SAOZ SYSTEME D'ANALYSE PAR OBSERVATION ZENITHALE

SAOZ is UV-Visible (300-650 nm) diode array spectrometer developed at the Service d’Aéronomie in the late 80’s for monitoring stratospheric ozone after the discovery of the ozone hole by Farman et al. in 1985. It is a diode array flat field spectrometer of 1 nm resolution looking at sunlight scattered at zenith during twilight. The data analysed by Differential Optical Absorption Spectrometry allow the retrieval of daily ozone and NO2 total columns at sunrise and sunset, as well as total water vapour and oxygen dimmer and the detection of Polar Stratospheric Clouds (PSC) and volcanic aerosols.
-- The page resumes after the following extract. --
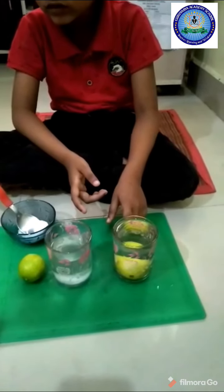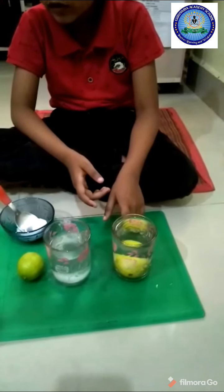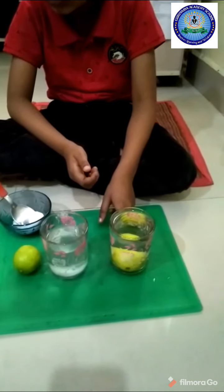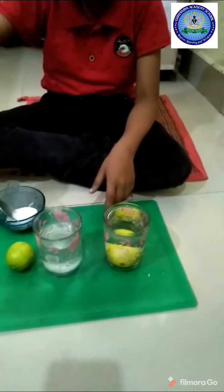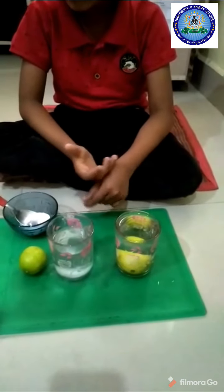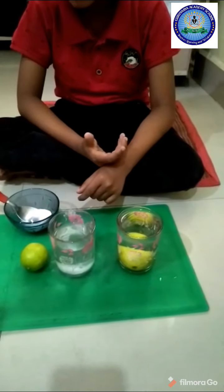For this second glass of water, I will add two spoons of salt.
The ozone measurement for the first time in the visible Chappuis bands between 450-600 nm, allows the continuous monitoring of the species throughout the year at the latitude of the polar circle, in all weather conditions.

First deployed in 1988 in both Dumont d’Urville in Antarctica (Pommereau and Goutail, 1988a) and Sodankyla in Finland (Pommereau and Goutail, 1988b), twenty SAOZ owned by CNRS and other institutes have been installed progressively since then at all latitudes including in the tropics. Alltogether their measurements are being used for monitoring every year the ozone destruction in the Arctic, for trend analysis and for the validation of a number of satellite O3 and NO2 column measurements (SBUV, TOMS, GOME, SCIAMACHY, OMI, GOME-2, IASI, OMPS-NPP, TROPOMI)

The SAOZ performances have been continuously evaluated during NDACC UV intercomparison campaigns in New-Zealand in 1992 (Hofmann et al., 1995), at Camborne in the UK in 1995 (Vaughan et al., 1996), Observatoire de Haute Provence in 1996 (Roscoe et al., 1999), Andoya in Norway in  2003 (Vandaele et al., 2005) and more recently in Cabauw (Netherland) in 2009 (Roscoe et al., 2010) and 2016 (Kreher et al., 2019 in preparation).